Okay, okay. So it *IS* a diet.

“You can have your cake AND eat it too!”

This has pretty much been my motto since starting Weight Watchers this past May. I have always seen it as “not really a diet” because you really can have cake – WW just teaches you where to cut out the other stuff and stay on track. It doesn’t really feel like a diet.

But…here’s the kicker – maybe it should.

*GASP* OMG….I know. I’ve been doing some thinking and I think I’ve been looking at this the wrong way. Maybe not all the time…but definitely lately. I’ve been complaining about how I haven’t been losing any weight (PS – I’m going to weigh in tomorrow no matter what my scale says. EEEK) and obviously something has to change. The gym is still my best friend; we hang out 4-6 times a week, sometimes (like today) twice a day.

winterweightSo, by process of elimination, the problem has to be my eating. Truthfully, I don’t eat poorly. I’ve learned what foods equal how many points and I’m sticking to the program. I haven’t actually been consistent about counting points in MONTHS but two weeks ago I counted points for a whole week, eating the typical amount of food that I’ve BEEN eating and I was right where I’m supposed to be. What’s going on then?
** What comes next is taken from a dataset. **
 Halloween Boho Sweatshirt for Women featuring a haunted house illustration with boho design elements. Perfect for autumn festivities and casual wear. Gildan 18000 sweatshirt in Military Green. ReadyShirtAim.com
I think I’ve gotten comfortable with letting myself cheat. As I mentioned, with WW you CAN cheat every once in a while. If you have a slice of pizza, it’s not going to RUIN everything. With the program, you have 35 extra points you can use per week that I hadn’t been using but if I had to guess, I’ve probably been using them lately. I do let myself eat out and I do let myself have cake – watching portions and being realistic of course but this clearly isn’t working. So what’s next?

Here’s a little secret: WW is actually a diet. There’s a reason I was tipping the scale at *** (BREAKTHROUGH – I think I’ll be ready to reveal weights and sizes by the first of the year) and it’s because I wasn’t paying attention to what I was eating and I wasn’t working out. Compared to how I WAS living my life, this is absolutely 100% a diet and it’s **OKAY** that it feels like a diet. Back in September, I had the realization that Hungry is OK because it means that your body is burning excess calories. I think NOW I need to realize that I AM on a diet and need to pay even closer attention to what I’m eating, along with sticking to my workout regimen.
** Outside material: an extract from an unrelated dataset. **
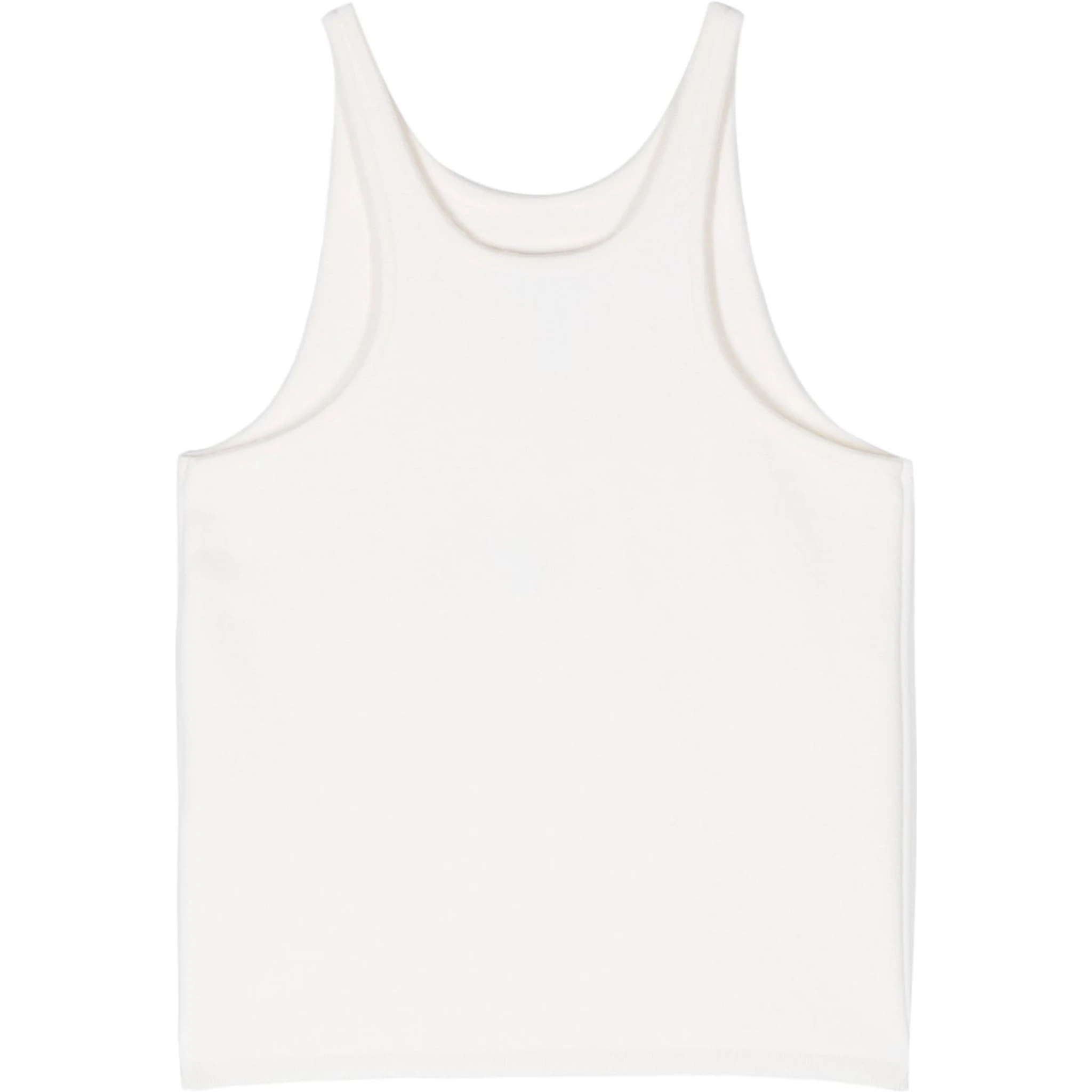 Knitted Wool Scoop Neck Sleeveless Top In White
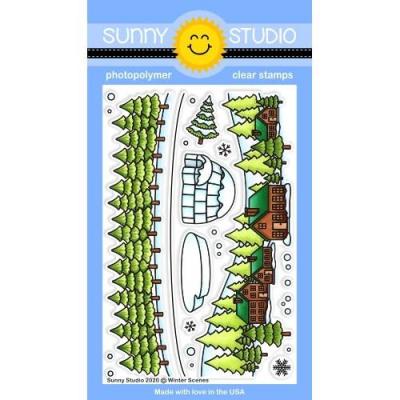Sunny Studio Clear Stamps - Winter Scenes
One of my goals for November was to start taking classes at the gym. While I’m a bit late on this, I did actually go to a class tonight. It’s called Body Pump and it’s a total body workout with weights but it didn’t have cardio. I really enjoyed the class and feel like I got a great workout so I’m sure I’ll be doing it again soon. 24Set will probably be my next class as it seems to incorporate some cardio into the mix – splendid.
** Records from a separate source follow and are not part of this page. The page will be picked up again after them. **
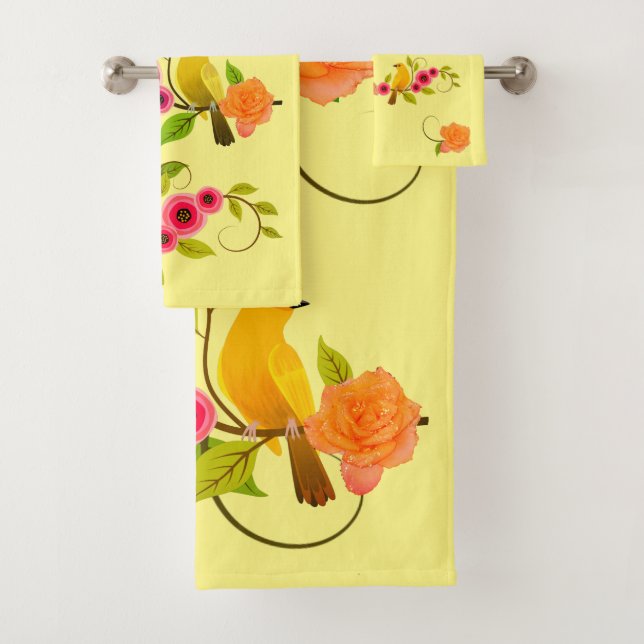 Hellgelb - Bird & Gelb Rose Badhandtuch Set (Insitu)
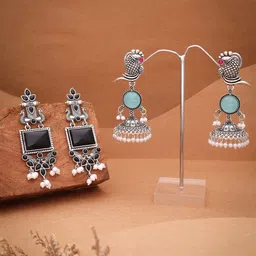 DIVASTRI Set Of 2 Silver-Plated Artificial Stones Studded Square Shaped Drop Earrings image 4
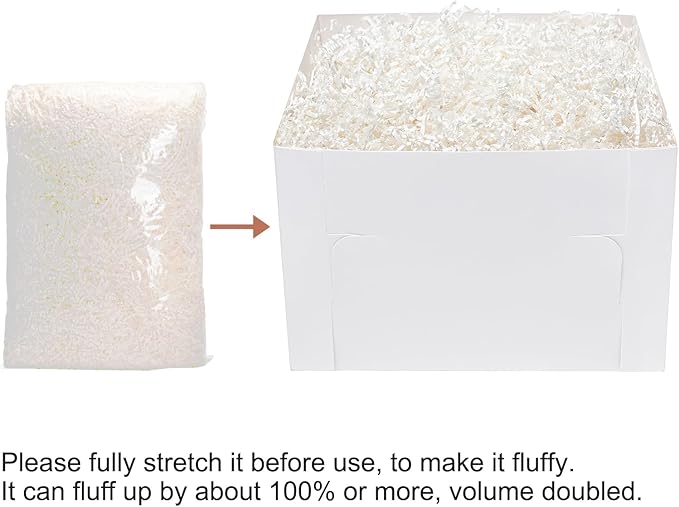 Mefleet 2 LB Crinkle Cut Paper Shred Filler White Crinkle Shredded Paper for Gift Box - Gift Basket Bag Filler - Grass Cushion Stuffing for Christmas Holiday Packaging Wrapping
For anyone checking in on goals from November:

1.) Group Classes at the Gym: see above

2.) Improve my Mile Time: I’m running about a 9 minute mile right now which is assuredly better than it was…I’m still hoping to – realistically – shave at least another minute off.

3.) Swim Laps: because of the skin medication I’m currently on and the reaction my skin is having to it, I don’t think laps in the pool would be good right now. I’ve already got SEVERELY dry skin and the chlorine probably wouldn’t help so this is being postponed :(

4.) Lose 8-10 Pounds by Dec 1: I only lost about 3 pounds in November. I’m telling you…this is getting harder *sigh*. No excuses…it just didn’t happen.

**Sidenote: my scale has been doing this REALLY unfortunate and mean thing lately. I step on it and wait for those magical (and sometimes NOT SO magical) numbers to appear. Now, I’m not joking this has happened every time I’ve gotten on it for the past 2 weeks. It says I weigh about 2 pounds less than I’m expecting to. I get REALLY excited…until I remember that it’s been playing this horrible trick. I step off, let it zero out again and then step back on…only for it to tell me that I’m now 2 pounds heavier than it JUST told me. Example: let’s pretend I weigh 150lbs. I step on…all of a sudden it tells me I weigh 148. OMG. Amazing. I step on again and it says 150. Not so amazing. It’s just really mean and I need for it to stop because that split second where I actually believe it’s true is Just. Killing. Me.

Don’t you fret.  I’ll be back at it again tomorrow, you can bet on it.